Jack tried for IDs; obscene perfection distracted him: inkbleeding nudes, no faces he knew until the last page: Christine Bergeron and her son fucking, standing on skates planted on a scuffed hardwood floor.
CHAPTER SIXTEEN
A photograph, dropped in his mailbox: Sergeant Ed Exley bleeding and terrified. No printing on the back, no need for it: Stensland and White had the negative, insurance that he'd never try to break them.
Ed, alone in the squadroom, 6:00 A.M. The stitches on his chin itched; loose teeth made eating impossible. Thirty-odd hours since the moment--his hands still trembled.
Payback.
He didn't tell his father; he couldn't risk the ignominy of going to Parker or Internal Affairs. Revenge on Bud White would be tricky: he was Dudley Smith's boy, Smith just got him a straight Homicide spot and was grooming him for his chief strongarm. Stensland was more vulnerable: on probation, working for Abe Teitlebaum, an ex--Mickey Cohen goon. A drunk, begging to go back inside.
Payback--already in the works.
Two Sheriff's men bought and paid for: a dip in his mother's trust fund. A two-man tail on Dick Stens, two men to swoop on his slightest probation fuckup.
Payback.
Ed did paperwork. His stomach growled: no food, loose trousers weighted down by his holster. A voice out the squawk box: loud, spooked.
"Squad call! Nite Owl Coffee Shop one-eight-two-four Cherokee! Multiple homicides! See the patrolmen! Code three!"

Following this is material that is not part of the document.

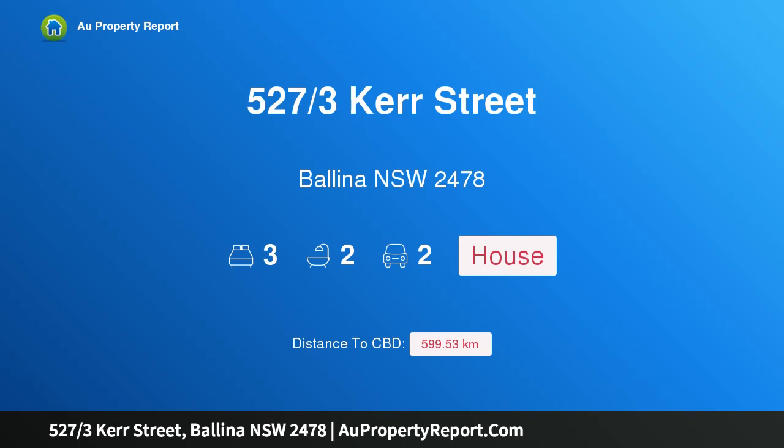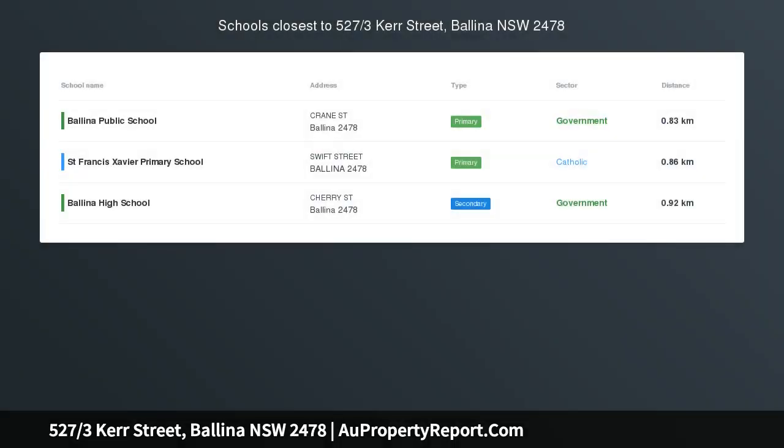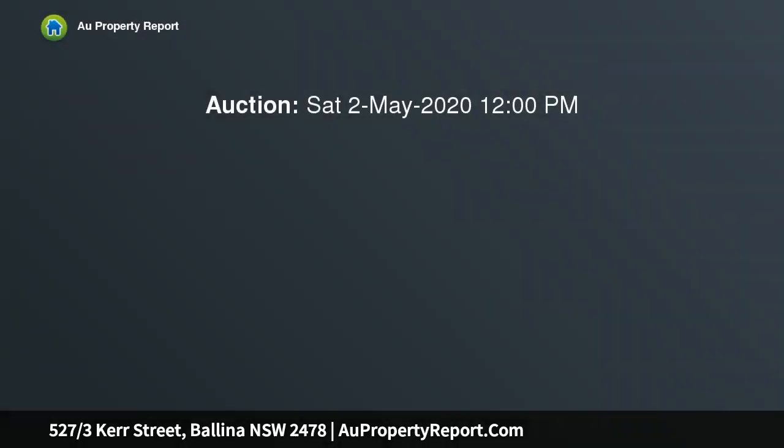Hi, I am glad to introduce property 527/3 Kerr Street, Ballina NSW 2478. Downsize and join the community at Reside.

Ed banged his legs getting up. No other detectives on call--it was his.
o o o
Patrol cars at Hollywood and Cherokee; blues setting up crime scene blockades. No plainclothesmen in sight--he might get first crack.
Ed pulled up, doused his siren. A patrolman ran over. "Load of people down, maybe some of them women. I found them, stopped for coffee and saw this phony sign on the door, 'Closed for Illness.' Man, the Nite Owl _never_ closes. It was dark inside and I knew this was a hinky deal. Exley, this ain't your squawk, this has gotta be downtown stuff, so--"

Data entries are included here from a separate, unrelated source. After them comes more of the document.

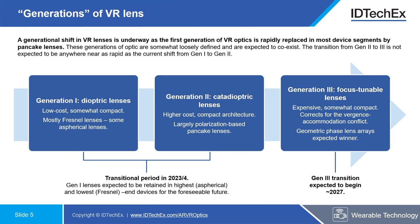From around 2027 onwards, we'd expect to see a shift towards a third generation of lenses which are expected to be focus-tunable. These would be expensive and somewhat compact, but the key advantage is that when paired with eye-tracking technology, they could be used to correct the vergence-accommodation conflict, improving interaction with VR devices and comfort — which is particularly essential if use cases like VR workstations are to be a serious consideration in the coming years.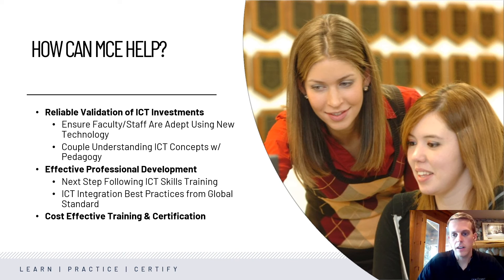It's a fairly inexpensive exam — it's $15 a pop, and it's available at shop.certiport.com if you just want it for professional development. Or we have the ability to sell it to the institution and have multiple teachers taking it.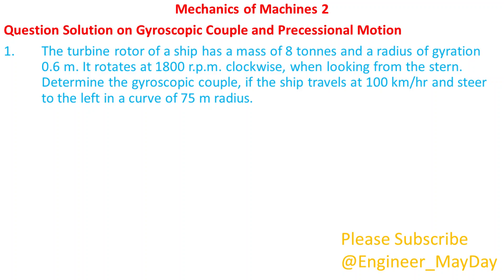Hello there. Welcome to my YouTube channel. Today I will take you through gyroscopic couple and precessional motion in mechanics of machines 2. Let's begin with this question.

Ed pushed him aside, pushed over to the door. Open, a sign taped on: "Clossed Due to Illness." Ed stepped inside, memorized.

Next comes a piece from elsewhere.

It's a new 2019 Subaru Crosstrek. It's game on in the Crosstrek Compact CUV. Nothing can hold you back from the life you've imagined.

A long, rectangular interior. On the right: a string of tables, four chairs per. The side wall mural-papered: winking owls perched on street signs. A checkered linoleum floor; to the left a counter--a dozen stools. A service runway behind it, the kitchen in back, fronted by a cook's station: fryers, spatulas on hooks, a platform for laying down plates. At front left: a cash register.
Open, empty--coins on the floor mat beside it.
Three tables in disarray: food spilled, plates dumped; napkin containers, broken dishes on the floor. Drag marks leading back to the kitchen; one high-heeled pump by an upended chair.
Ed walked into the kitchen. Half-fried food, broken dishes, pans on the floor. A wall safe under the cook's counter--open, spiffing coins. Crisscrossed drag marks connecting with the other drag marks, dark black heel smudges ending at the door of a walk-in food locker.
Ajar, the cord out of the socket--no cool air as a preservative. Ed opened it.
Bodies--a blood-soaked pile on the floor. Brains, blood and buckshot on the walls. Blood two feet deep collecting in a drainage trough. Dozens of shotgun shells floating in blood.